___ Exercise input ___

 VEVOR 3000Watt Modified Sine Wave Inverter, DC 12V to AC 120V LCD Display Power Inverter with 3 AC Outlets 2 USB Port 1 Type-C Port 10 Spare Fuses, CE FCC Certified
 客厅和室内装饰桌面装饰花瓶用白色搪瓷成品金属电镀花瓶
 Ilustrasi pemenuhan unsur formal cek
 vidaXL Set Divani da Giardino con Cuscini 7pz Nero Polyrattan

___
___ Exercise input ___

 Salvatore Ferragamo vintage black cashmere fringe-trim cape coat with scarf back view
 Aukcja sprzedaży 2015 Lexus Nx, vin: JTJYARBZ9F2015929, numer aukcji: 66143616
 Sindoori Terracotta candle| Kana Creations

___
___ Exercise input ___

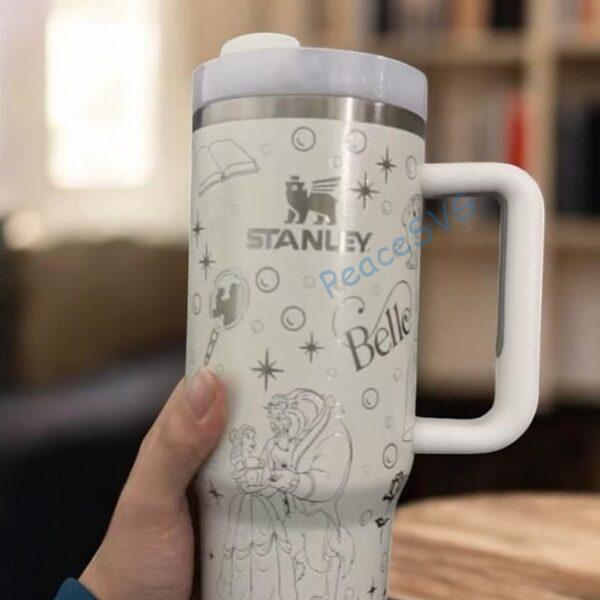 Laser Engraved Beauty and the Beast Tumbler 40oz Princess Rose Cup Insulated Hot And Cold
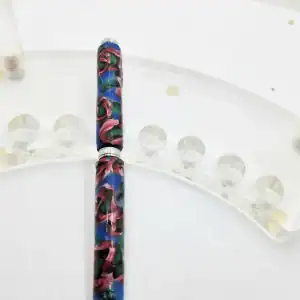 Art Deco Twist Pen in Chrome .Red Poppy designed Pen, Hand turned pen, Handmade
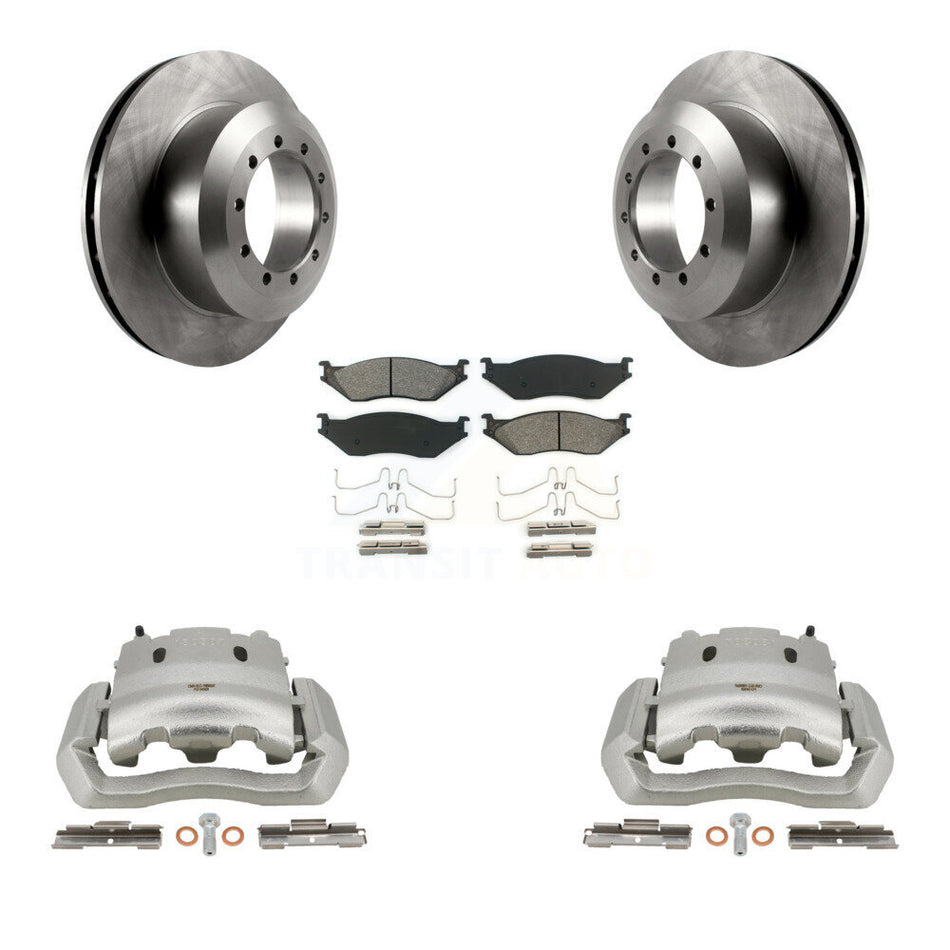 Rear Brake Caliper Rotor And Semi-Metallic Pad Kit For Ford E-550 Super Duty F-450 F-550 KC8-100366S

___

• Task details:
After reading the entries above, state the number of lines that contain the word "with", adding nothing else.

• Exercise answer:
2